• RECORD EXCERPTS:
============

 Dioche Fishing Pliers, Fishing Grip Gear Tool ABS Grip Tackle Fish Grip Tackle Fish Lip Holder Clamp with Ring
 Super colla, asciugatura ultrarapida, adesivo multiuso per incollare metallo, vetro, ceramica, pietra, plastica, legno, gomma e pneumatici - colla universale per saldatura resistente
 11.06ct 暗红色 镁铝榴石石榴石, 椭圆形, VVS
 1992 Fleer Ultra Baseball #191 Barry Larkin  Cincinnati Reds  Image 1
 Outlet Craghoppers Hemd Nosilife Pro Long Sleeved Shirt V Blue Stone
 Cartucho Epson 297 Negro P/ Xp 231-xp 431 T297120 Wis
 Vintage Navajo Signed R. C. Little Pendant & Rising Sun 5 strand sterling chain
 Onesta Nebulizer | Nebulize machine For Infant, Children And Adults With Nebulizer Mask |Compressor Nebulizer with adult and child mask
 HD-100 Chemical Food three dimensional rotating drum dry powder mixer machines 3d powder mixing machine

============

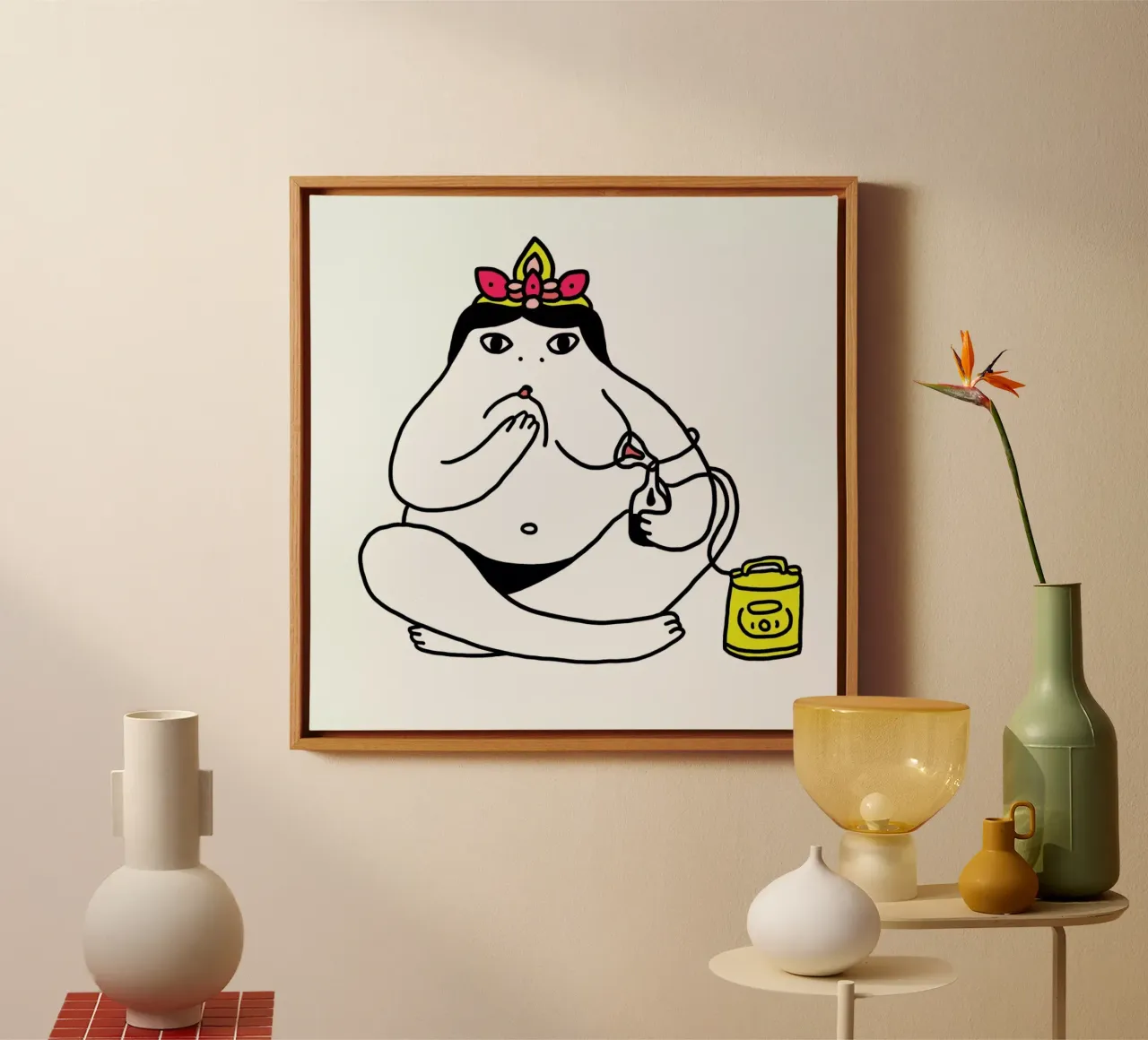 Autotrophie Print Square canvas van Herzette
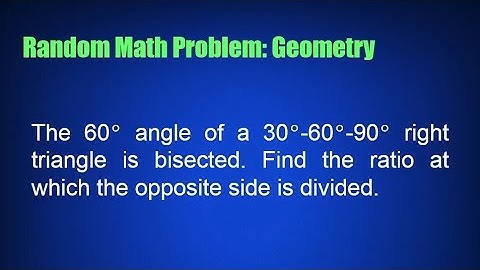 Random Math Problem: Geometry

============

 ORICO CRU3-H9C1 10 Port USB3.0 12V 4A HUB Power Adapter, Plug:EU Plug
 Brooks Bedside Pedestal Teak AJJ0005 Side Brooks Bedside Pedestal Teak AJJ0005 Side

============

• WHAT THIS TASK INVOLVES: Copy out every line from the data above in which the word "machine" occurs.

• ANSWER FOR THIS EXERCISE:
 Onesta Nebulizer | Nebulize machine For Infant, Children And Adults With Nebulizer Mask |Compressor Nebulizer with adult and child mask
 HD-100 Chemical Food three dimensional rotating drum dry powder mixer machines 3d powder mixing machine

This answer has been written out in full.